Malcom (and David)
Johan Norberg my favorite Swede has a great article Entrepreneurs are the Heroes of this World in the latest Cato Institute news letter.
Go read the whole thing but in particular check out the story in it about Malcom McLean. Malcom was a definite Extra Eagle. Wikipedia says:
In 1937, McLean was delivering lumber from North Carolina to New Jersey. While sitting on a dock waiting for his truck to be unloaded onto a ship, he was watching other trucks being unloaded. Every crate on every truck had to be unloaded, put in a sling and hoisted up and then down into the hold of the ship. There, more stevedores took it off the sling and made sure it was properly stowed. This method is called”break-bulk shipping”. It was slow and labour intensive, and there was lots of pilferage and accidents. McLean first conceived the idea of using the entire truck trailer itself to load onto and off of a ship. McLean could not develop the idea further because the Interstate Commerce Commission did not, at the time, allow truckers to own shipping companies.

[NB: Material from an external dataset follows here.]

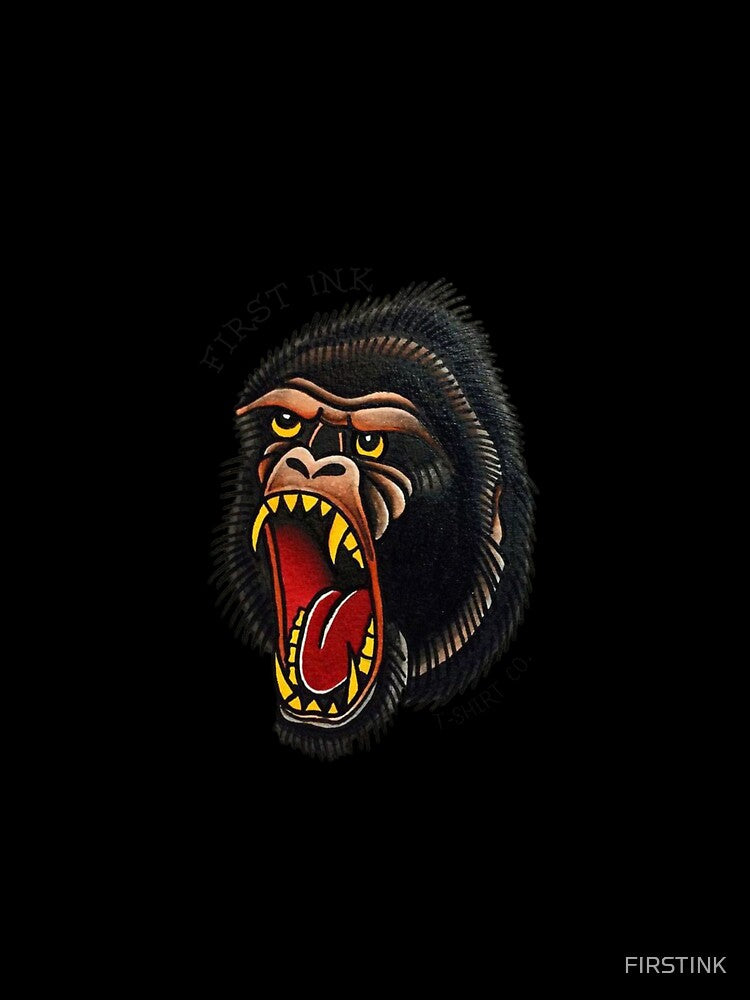Tattoo gorilla by FIRSTINK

So let’s see. Malcom saw a really stupid way of doing something that was protected by special interests. He immediately saw what for him was an obvious solution, but had to fight to get it through.

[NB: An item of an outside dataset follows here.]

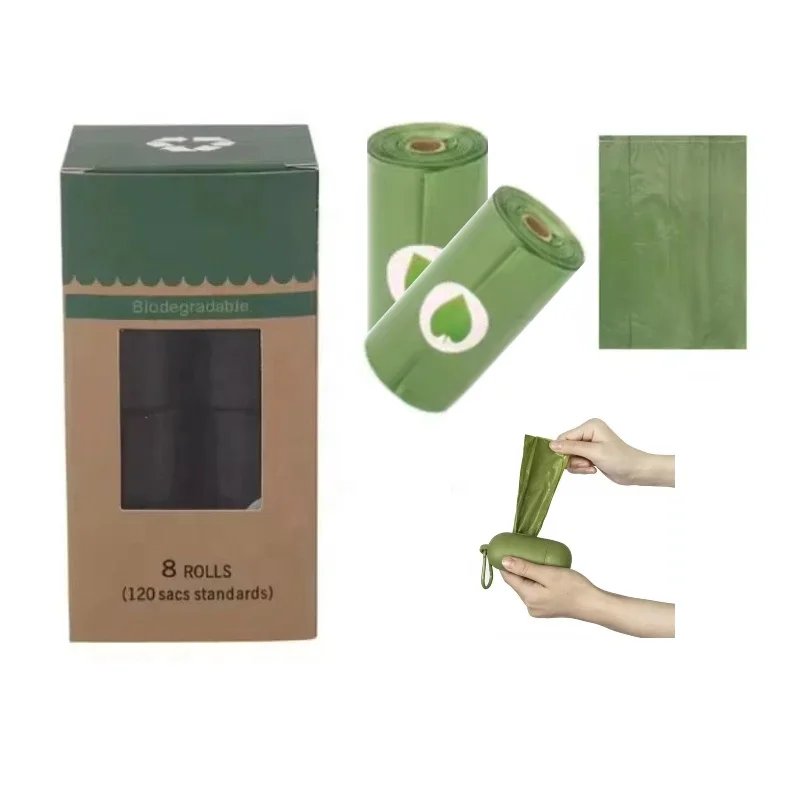 Manufacturers wholesale high quality pet accessories pick up poo bags Dog go out to pick up poo bags biodegradable garbage bags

This reminds me an awful lot of enterprise software development vs small agile teams using for example Ruby on Rails. As a matter of fact there is a direct parallel between Malcom’s story and many other heroic entrepreneurs.
An example that most of os web entrepreneurs know well is the David and Rails story. He saw the stupidity of the world of enterprise development and new there was a better way. I could find a lot more parallels between Malcom and David’s story, but I’ll leave that as a creative exercise for the readers.
Just look around your house or office. Very little of what you see would have been there if it wasn’t for Malcom deciding it was idiotic to wait for people unloading trucks and loading individual items one by one onto a ship.
In the same way many of the newer services you use today and in the future would probably not have existed if it wasn’t for David’s annoyance of repetitive J2EE (Java Enterprise Environment) configuration and coding.
Moral of the story, get annoyed and change the world.